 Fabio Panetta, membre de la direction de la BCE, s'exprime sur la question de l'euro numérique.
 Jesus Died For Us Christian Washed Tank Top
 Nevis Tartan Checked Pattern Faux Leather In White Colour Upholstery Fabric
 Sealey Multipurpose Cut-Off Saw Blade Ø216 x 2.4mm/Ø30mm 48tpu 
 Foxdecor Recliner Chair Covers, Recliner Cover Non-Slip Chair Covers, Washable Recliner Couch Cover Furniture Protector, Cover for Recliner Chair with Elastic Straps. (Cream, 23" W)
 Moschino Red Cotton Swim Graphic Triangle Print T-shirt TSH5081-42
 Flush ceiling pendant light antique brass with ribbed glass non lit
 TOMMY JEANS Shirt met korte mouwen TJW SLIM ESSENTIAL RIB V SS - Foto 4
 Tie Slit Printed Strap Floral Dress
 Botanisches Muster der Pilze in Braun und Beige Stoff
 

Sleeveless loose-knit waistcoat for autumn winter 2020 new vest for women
☆ ☆ ☆ ☆ ☆
**Task goal:** Copy every record above exactly as it is.

**Solution below:**
 Fabio Panetta, membre de la direction de la BCE, s'exprime sur la question de l'euro numérique.
 Jesus Died For Us Christian Washed Tank Top
 Nevis Tartan Checked Pattern Faux Leather In White Colour Upholstery Fabric
 Sealey Multipurpose Cut-Off Saw Blade Ø216 x 2.4mm/Ø30mm 48tpu 
 Foxdecor Recliner Chair Covers, Recliner Cover Non-Slip Chair Covers, Washable Recliner Couch Cover Furniture Protector, Cover for Recliner Chair with Elastic Straps. (Cream, 23" W)
 Moschino Red Cotton Swim Graphic Triangle Print T-shirt TSH5081-42
 Flush ceiling pendant light antique brass with ribbed glass non lit
 TOMMY JEANS Shirt met korte mouwen TJW SLIM ESSENTIAL RIB V SS - Foto 4
 Tie Slit Printed Strap Floral Dress
 Botanisches Muster der Pilze in Braun und Beige Stoff
 

Sleeveless loose-knit waistcoat for autumn winter 2020 new vest for women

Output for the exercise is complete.